- _INPUT_

:::::

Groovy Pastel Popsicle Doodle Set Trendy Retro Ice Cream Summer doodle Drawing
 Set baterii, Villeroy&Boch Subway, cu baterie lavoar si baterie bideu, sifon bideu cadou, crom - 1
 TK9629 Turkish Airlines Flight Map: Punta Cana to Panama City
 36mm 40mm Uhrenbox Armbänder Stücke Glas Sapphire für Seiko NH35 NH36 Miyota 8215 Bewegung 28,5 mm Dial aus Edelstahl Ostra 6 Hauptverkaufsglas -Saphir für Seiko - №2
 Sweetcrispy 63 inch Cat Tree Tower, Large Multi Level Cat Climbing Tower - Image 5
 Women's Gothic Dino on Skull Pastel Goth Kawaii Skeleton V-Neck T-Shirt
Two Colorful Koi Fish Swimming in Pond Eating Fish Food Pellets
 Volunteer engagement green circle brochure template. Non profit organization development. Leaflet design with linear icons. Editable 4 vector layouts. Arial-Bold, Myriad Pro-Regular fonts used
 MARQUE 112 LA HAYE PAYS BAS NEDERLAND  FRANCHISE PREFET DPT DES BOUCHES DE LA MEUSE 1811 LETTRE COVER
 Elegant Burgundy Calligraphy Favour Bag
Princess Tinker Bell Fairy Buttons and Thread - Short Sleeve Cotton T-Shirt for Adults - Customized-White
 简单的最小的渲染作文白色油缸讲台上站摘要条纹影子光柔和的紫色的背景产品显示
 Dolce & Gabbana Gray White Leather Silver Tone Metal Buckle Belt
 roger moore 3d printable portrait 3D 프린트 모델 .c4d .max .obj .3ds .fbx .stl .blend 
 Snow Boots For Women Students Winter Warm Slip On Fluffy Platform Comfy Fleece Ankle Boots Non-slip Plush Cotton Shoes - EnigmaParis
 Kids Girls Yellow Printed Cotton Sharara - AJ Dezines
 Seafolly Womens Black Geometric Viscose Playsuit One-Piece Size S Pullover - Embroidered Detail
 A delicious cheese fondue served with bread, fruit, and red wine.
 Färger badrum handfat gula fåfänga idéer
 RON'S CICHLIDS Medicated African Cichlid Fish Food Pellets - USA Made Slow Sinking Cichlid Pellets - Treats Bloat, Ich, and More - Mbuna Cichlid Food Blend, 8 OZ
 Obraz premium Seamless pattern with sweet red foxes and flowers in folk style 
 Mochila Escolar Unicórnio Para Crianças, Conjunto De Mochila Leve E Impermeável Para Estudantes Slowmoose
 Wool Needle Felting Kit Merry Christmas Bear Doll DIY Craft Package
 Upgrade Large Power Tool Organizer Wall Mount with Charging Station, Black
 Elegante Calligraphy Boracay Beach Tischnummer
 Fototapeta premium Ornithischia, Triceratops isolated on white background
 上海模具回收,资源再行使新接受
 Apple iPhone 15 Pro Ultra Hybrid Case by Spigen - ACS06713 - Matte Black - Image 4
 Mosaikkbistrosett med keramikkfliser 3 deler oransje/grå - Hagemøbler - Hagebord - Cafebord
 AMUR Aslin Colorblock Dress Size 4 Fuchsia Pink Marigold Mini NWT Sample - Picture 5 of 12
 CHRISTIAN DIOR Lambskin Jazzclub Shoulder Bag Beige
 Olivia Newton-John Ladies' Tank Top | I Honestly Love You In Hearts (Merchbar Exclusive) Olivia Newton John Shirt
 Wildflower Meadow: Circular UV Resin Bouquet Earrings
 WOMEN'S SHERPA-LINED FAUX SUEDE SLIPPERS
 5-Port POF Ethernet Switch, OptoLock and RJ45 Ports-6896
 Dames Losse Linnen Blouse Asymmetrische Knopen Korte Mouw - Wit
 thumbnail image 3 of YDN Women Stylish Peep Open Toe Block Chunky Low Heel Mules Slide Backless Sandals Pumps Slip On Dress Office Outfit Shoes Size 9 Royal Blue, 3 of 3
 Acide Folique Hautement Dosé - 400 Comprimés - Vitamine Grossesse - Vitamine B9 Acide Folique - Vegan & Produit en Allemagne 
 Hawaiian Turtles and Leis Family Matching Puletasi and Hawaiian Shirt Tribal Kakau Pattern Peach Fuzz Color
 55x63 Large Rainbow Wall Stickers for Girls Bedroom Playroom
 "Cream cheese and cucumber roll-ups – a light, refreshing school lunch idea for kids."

:::::

Above this instruction are the records; retype exactly the lines from the one containing "Olivia Newton-John Ladies'" up to and including the one containing "5-Port POF Ethernet".

 Olivia Newton-John Ladies' Tank Top | I Honestly Love You In Hearts (Merchbar Exclusive) Olivia Newton John Shirt
 Wildflower Meadow: Circular UV Resin Bouquet Earrings
 WOMEN'S SHERPA-LINED FAUX SUEDE SLIPPERS
 5-Port POF Ethernet Switch, OptoLock and RJ45 Ports-6896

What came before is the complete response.